In verse 3 the Word is boldly identified with the connecting link that imparts life to all beings and unites them with one another, the metaontic undercurrent that imparts harmony to the entire universe and in the already quoted text 44 is considered to have its ground in Nonbeing rather than in Being. By a sort of two-way relationship the Supreme Principle is said to have drawn forth the Word from the bosom of the Word; the Word is not other than her Source: the Father and the Daughter are one and yet He has begotten Her.

Verse 4 recalls to our minds the support of the universe, the skambha who, while dwelling simultaneously in heaven and on earth, upholds them both and keeps them separate. Cosmic Order is neither created nor uncreated. It is not created, for if it were it could not reside in God; nor is it uncreated, for in that event the Supreme and rita would be identical and there would be no freedom or room for decision in the Ultimate.

Verse 5 contains a profound and enigmatic note: the poet invokes Brhaspati, the Lord of the Sacred Word, “born from nothingness but ascended on high,” as the supreme and ultimate divinity.

The latter half of this verse and the following two verses extol the power and wisdom of the poet-sage as being so great that he even enhances the lustre of the “ancient God” (the Sun?). He alone among those born on earth is wakeful before the Sun rises (v. 6). Verse 7 shows in a similar way the power of the priest, “friend of the Gods,” of whom Atharvan and Brhaspati are, respectively, the human and divine prototypes. Through the mediatorship of the priest Man can rise up from his earthly condition and attain divine freedom.

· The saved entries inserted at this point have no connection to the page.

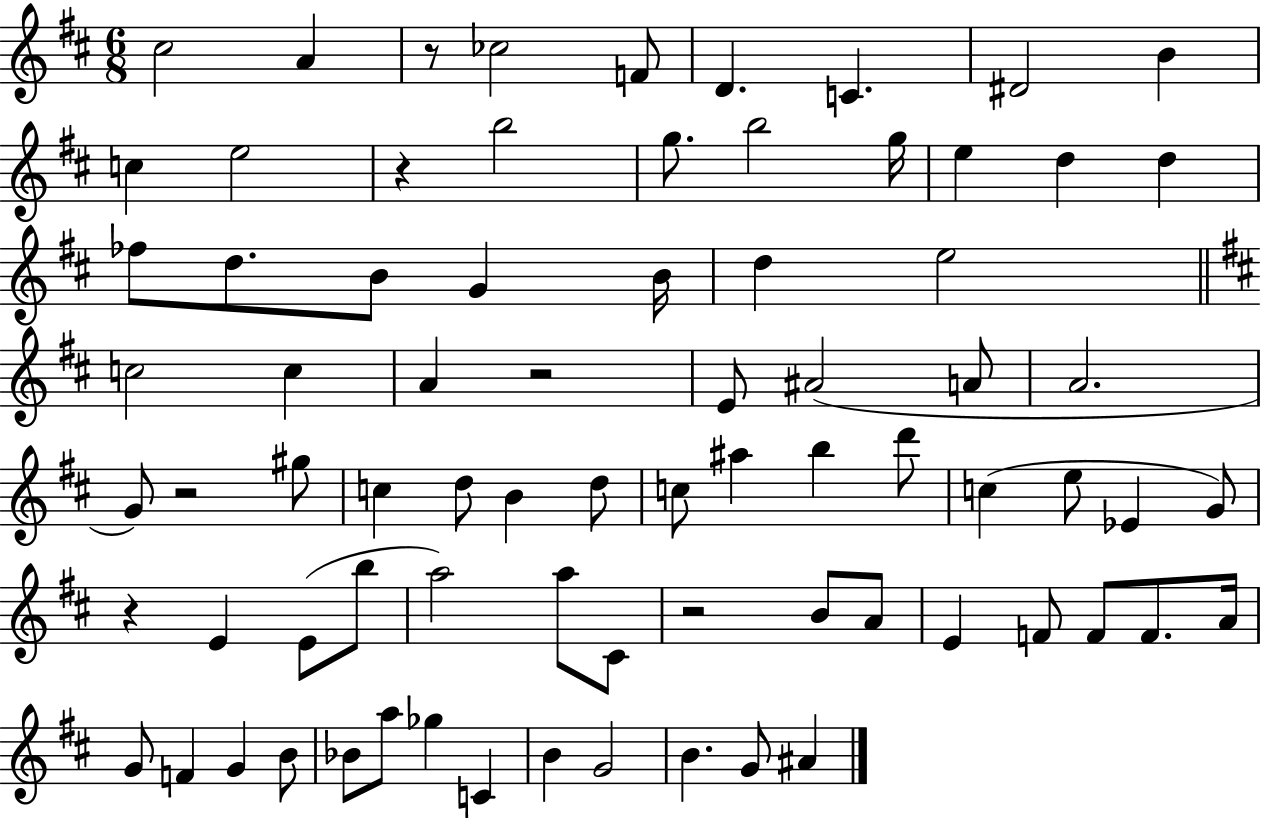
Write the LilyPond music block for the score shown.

{
  \clef treble
  \numericTimeSignature
  \time 6/8
  \key d \major
  cis''2 a'4 | r8 ces''2 f'8 | d'4. c'4. | dis'2 b'4 | \break c''4 e''2 | r4 b''2 | g''8. b''2 g''16 | e''4 d''4 d''4 | \break fes''8 d''8. b'8 g'4 b'16 | d''4 e''2 | \bar "||" \break \key b \minor c''2 c''4 | a'4 r2 | e'8 ais'2( a'8 | a'2. | \break g'8) r2 gis''8 | c''4 d''8 b'4 d''8 | c''8 ais''4 b''4 d'''8 | c''4( e''8 ees'4 g'8) | \break r4 e'4 e'8( b''8 | a''2) a''8 cis'8 | r2 b'8 a'8 | e'4 f'8 f'8 f'8. a'16 | \break g'8 f'4 g'4 b'8 | bes'8 a''8 ges''4 c'4 | b'4 g'2 | b'4. g'8 ais'4 | \break \bar "|."
}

The hymn could be summed up in the following way:

May the Sages, who first discovered the Word, who, after meditating upon it long and silently in their hearts and spirits, were illumined in their own inner beings and succeeded in communicating and pronouncing that same Word to their fellowmen--may they themselves shine with lustrous splendor!

Brahmavidya
AV IV, 1

1. That Sacred Word which was first born in the East

the Seer has revealed from the shining horizon.

He disclosed its varied aspects, high and low,

the womb of both the Existent and the Nonexistent.

2. May this ancestral Queen who dwells among beings

stride forth toward primordial creation!

I have conveyed to her this shining Sunbird.

Let them offer warm milk to the one who is thirsty for worship.

3. The wise who knows from birth this world’s hidden thread

discerns the coming to birth of all the Gods.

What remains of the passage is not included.